Amid a fevered atmosphere over attacks on women, two men suspected of assaulting women have been set upon by crowds in northern India and killed.
Lynch mobs in India have killed two suspected sex attackers in separate attacks in the space of 24 hours.
Dimapur, the main city in Nagaland state in India’s northeast, is under curfew after a crowd several thousand strong stormed a prison.
The suspect was stripped naked, beaten, stoned and dragged through the streets till he died – as people took pictures with their phones.
The crowd is said to have included high-school students in uniform. A 25-year-old man who was part of the mob was reportedly killed by police who claimed they were trying to restore order.
On Friday the Hindustan Times reported that several local officials had been suspended as the Indian government ordered an investigation.
Earlier on Thursday, thousands of people took to the streets to demand that the authorities hand over the man – thought to be a Bangladeshi migrant accused of raping a local girl.
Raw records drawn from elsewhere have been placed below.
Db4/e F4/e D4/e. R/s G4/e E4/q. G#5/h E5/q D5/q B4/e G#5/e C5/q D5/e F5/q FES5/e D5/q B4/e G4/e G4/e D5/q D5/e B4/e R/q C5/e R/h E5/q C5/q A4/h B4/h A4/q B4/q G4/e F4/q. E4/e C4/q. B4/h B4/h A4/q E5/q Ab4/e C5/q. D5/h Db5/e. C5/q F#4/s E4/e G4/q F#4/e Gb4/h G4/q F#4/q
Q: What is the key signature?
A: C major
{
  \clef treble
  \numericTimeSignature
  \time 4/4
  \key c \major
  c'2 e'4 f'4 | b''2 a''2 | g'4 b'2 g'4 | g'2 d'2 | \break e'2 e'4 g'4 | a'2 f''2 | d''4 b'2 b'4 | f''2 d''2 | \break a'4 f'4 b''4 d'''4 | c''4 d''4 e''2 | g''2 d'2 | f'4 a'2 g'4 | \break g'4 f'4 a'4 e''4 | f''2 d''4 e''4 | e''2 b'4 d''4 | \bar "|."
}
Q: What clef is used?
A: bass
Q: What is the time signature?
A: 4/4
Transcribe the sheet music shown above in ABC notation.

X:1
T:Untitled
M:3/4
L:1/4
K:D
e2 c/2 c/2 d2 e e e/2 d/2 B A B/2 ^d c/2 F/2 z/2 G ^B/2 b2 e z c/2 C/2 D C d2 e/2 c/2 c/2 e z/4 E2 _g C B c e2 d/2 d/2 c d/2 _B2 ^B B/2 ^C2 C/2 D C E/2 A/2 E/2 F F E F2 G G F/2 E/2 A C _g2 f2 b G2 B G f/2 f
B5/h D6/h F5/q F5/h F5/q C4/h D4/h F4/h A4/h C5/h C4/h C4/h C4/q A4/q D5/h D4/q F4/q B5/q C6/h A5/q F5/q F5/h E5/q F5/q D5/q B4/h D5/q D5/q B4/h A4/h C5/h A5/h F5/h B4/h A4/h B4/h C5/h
Tensions between the native Naga people and Bangladeshis have been high.
The decision by the Indian government to ban a BBC documentary film about the gang rape of a student has also brought the issue of sexual violence against women back to the fore.
The film, “India’s daughters”, features an interview with one of the men sentenced to death for the 2012 attack.
His lack of remorse has sparked outrage and more protests across India.
In the second lynch mob attack on Friday, a man accused of assaulting young girls at the Hindu festival of Holi was reportedly beaten to death in the northern town of Varanasi.
A local police chief told AFP that a group of young women had complained to their parents that they had been molested by a few men.